In situations where custody or parenting time is in controversy, the role of the boyfriend/girlfriend may be prominent.  In custody and visitation matters, the court has broad discretion in determining what is in the minor child's best interest.  Oftentimes, several "collateral" witnesses such as family members, friends, teachers, therapists, and the like, may be called to testify or be interviewed by court appointed personnel regarding certain aspects of one party's relationship with the minor child.   A new boyfriend or a girlfriend is certainly no exception. In a situation, where a new boyfriend may spend a significant amount of time with the minor child in question, it is entirely plausible to call this person as a witness in a custody proceeding to better ascertain the best interests of the child.
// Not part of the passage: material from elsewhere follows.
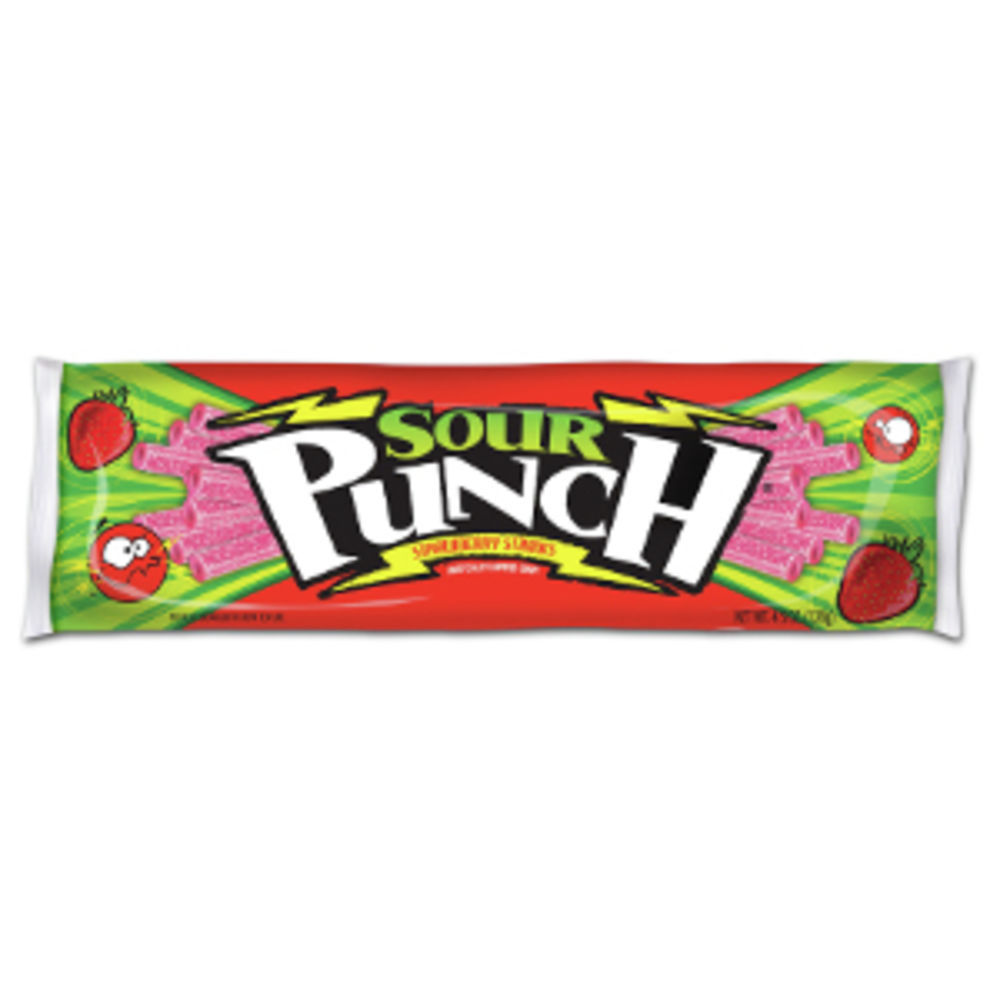 SOUR PUNCH Strawberry Straws, 4.5oz Tray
While there is no law in Illinois that prohibits divorcing spouses to date while divorcing, a spouse should be mindful of  its effects during a pending divorce or custody proceeding.

Monday, January 6, 2014

Finding a Competent Divorce Lawyer

Divorce happens to a lot of people.  Oftentimes, it's tragic, highly acrimonious, and it may be emotionally and financially taxing.  As with any difficult event in a person's life, one needs a guide to navigate you through the process.  That is when a good and competent divorce lawyer enters the picture.   Aside from initial first impressions and perhaps, a referral from a friend or a colleague, you should review the following points:

1.  Concentration

Look for a divorce lawyer that concentrates in the area of family law.  You wouldn't hire a pediatrician to perform your root canal, would you?   An attorney who concentrates in family law will more than likely, be familiar with certain judges, opposing attorneys, and have experience in addressing somewhat uncommon issues that may arise in your divorce case.   A competent family law attorney will also have a firm grasp on the applicable legal authority.

2.  Fees

At your initial meeting, inquire about the attorney's fees.  Inquire how the attorney bills. What is the initial retainer, his/her hourly rate, the time increments your attorney bills in.  Does he charge for postage or for ministerial tasks such as mailing a letter or making a phone call.  How much does he charge for travel to court, if any? It's a good idea to also ask about the frequency of the invoice being issued.    Your lawyer should be very upfront with his fees so as to eliminate any surprises in billing.

3. Organization

The divorce process is time consuming, labor intensive, and above all, it is heavy on paper work.  As a divorce attorney, I spend a lot of time organizing bank records, real estate documents, spread sheets, pleadings, and orders.   Most settlement conferences and court hearings involve producing countless pages of documents to evidence income, value of marital estate, monthly expenses, and the like.   Hiring a disorganized divorce attorney can be detrimental to your case, but a well organized attorney will save you time, money, and heart ache.

4. Attention to detail

After years of litigation or perhaps mere weeks of negotiation, you have finally reached an agreement on all financial issues and custody matters, and now the agreement needs to be reduced to writing by your lawyer.  The financial Marital Settlement Agreement is the end product.  Therefore, it should accurately reflect the agreement of you and your spouse, and be rid of mistakes.   I cannot begin to tell you how often I review settlement agreements that are either poorly drafted or contain major grammatical mistakes, creating ambiguity and consequently, more litigation.

5. Personal rapport

This is not a requirement, however, you should have a generally friendly rapport with your lawyer. This does not mean that you and your selected attorney must be friends, but a general good relationship helps.   A divorce lawyer wears many hats, and sometimes, that of a trusted confidant.